Dr. Marabelle is a physician-scientist with expertise in oncology and immunology presently serving as a visiting professor at Stanford University. His clinical practice is dedicated to early phase clinical trials of cancer immunotherapies within the Drug Development Department (DITEP) of the Gustave Roussy Cancer Center in France. Dr. Marabelle also leads a translational research laboratory within the INSERM unit of Professor Laurence Zitvogel with a focus on mechanisms of action of immune targeted therapies. Additionally, he serves as the director of the Clinical Investigation Center BIOTHERIS dedicated to intratumoral immunotherapies. He is a full professor of clinical immunology at the University of Paris, Saclay. Dr Marabelle was initially trained as a scientist in the Ecole Normale Supérieure de Lyon and King’s College London and as a clinician at the Léon Bérard Cancer Center in Lyon, France where he did his clinical fellowship in pediatric hemato-oncology. He did his post-doctoral research fellowship in the laboratory of Professor Ronald Levy at Stanford University on strategies to overcome the resistance to immune checkpoint targeted therapies.
Rachel W. Humphrey, M.D.
Dr. Humphrey is an accomplished pharmaceutical executive with over 25 years of experience in product development, from pre-investigational new drug (pre-IND) to Phase IV/compound commercialization of small molecules, cytotoxics and biologics in oncology and immuno-oncology. She is currently CEO of an immuno-oncology start-up and has held numerous senior leadership roles in cancer drug development. These include multiple board of director roles, vice president and head of immuno-oncology at Eli Lilly and Company, senior vice president and head of immuno-oncology at AstraZeneca, and vice president, clinical development and immuno-oncology at BMS. Additionally, she has served as chief medical officer at CytomX and Mirati Therapeutics, respectively. Dr. Humphrey’s career is notable for, among other achievements, her overall supervision of the early and late-stage clinical development of ipilimumab (Yervoy®) at BMS and sorafenib (Nexavar®) at Bayer. She received her medical degree from Case Western Reserve University and her bachelor’s degree from Harvard University. She conducted her training in internal medicine at Johns Hopkins Hospital and began her career as an oncology fellow and staff physician at the National Cancer Institute in Bethesda, MD.

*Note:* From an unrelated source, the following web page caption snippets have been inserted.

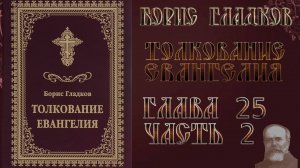 Толкование Евангелия. Глава 25. Часть 2. Борис Гладков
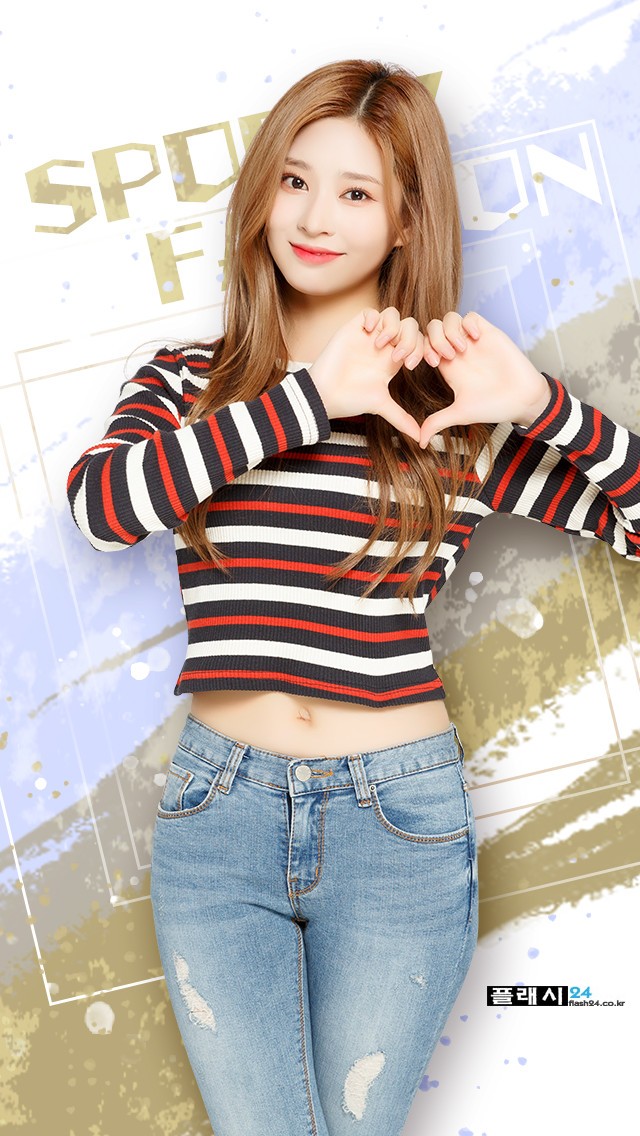 급이 다르다는 김민주 청바지핏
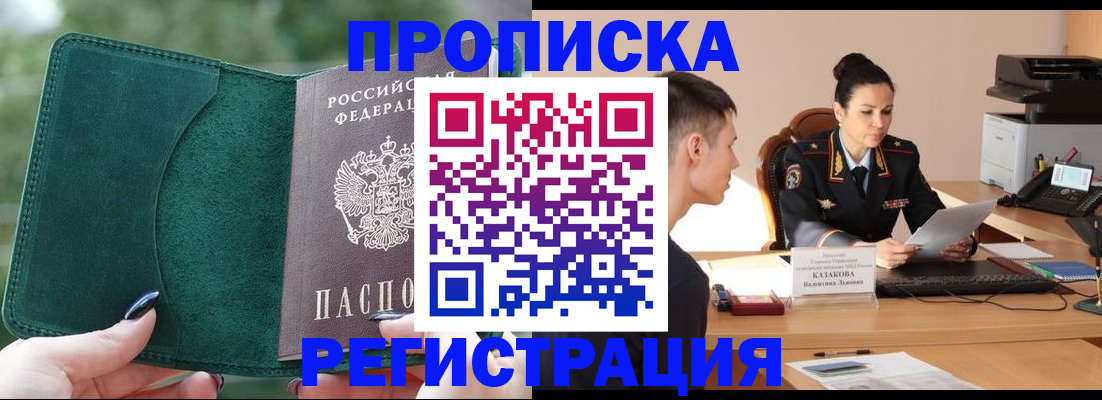 регистрация для школы в Ковылкино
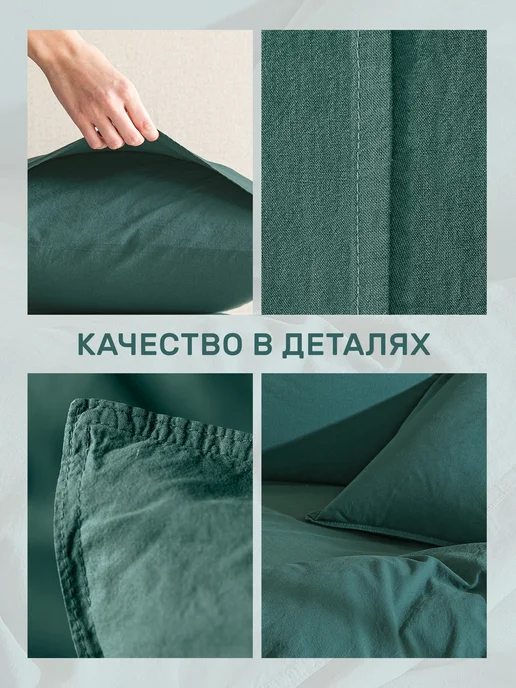 KARNA Наволочки 50х70 вареный хлопок 2 шт. набор, 50x70, 2 шт, фото 3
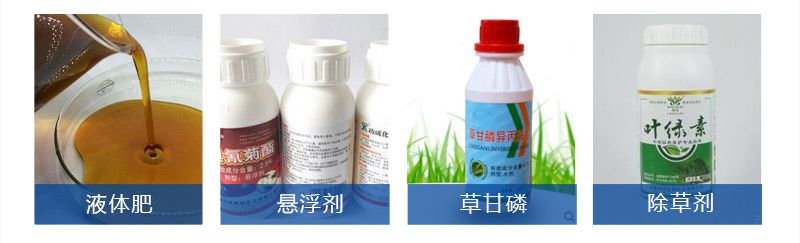 除草用消泡劑應用領域圖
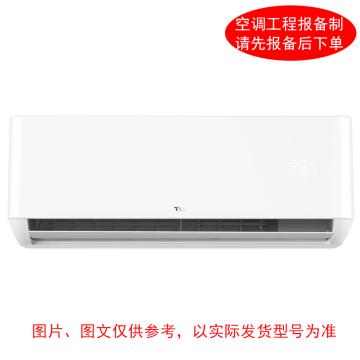 TCL 3P冷暖变频壁挂空调，KFR-72GW,三级能效 一价全包（包10米铜管） 售卖规格：1台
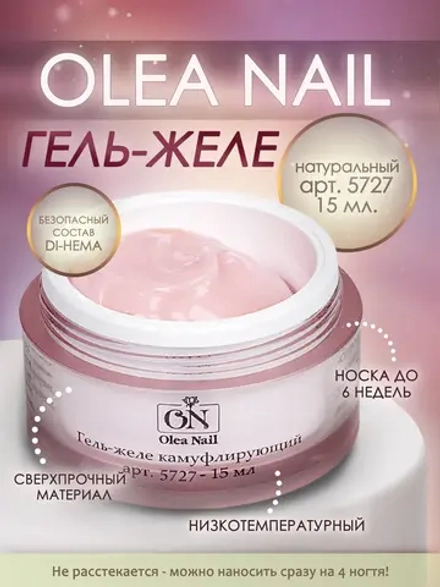Гель-желе камуфлирующий для ногтей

Greywolf Therapeutics’ first-of-its-kind immuno-oncology approach is centered on dramatically increasing the visibility of tumors to allow for their identification and destruction by the body’s immune system. This is achieved through targeted inhibition of the endoplasmic reticulum aminopeptidases (ERAP1 and ERAP2), causing the generation and presentation of novel and potent neoantigens to the surface of tumor cells. The appearance of these neoantigens uncloaks the tumor cells, illuminating them to the immune system and setting in motion powerful, differentiated T cell responses against the tumor. Importantly, this unique approach is orthogonal to a broad range of other cancer therapy modalities, including, but not limited to, immunotherapy. Greywolf Therapeutics is developing a portfolio of ERAP inhibitors that it believes represents the first ever application of direct neoantigen generation to the treatment of cancer.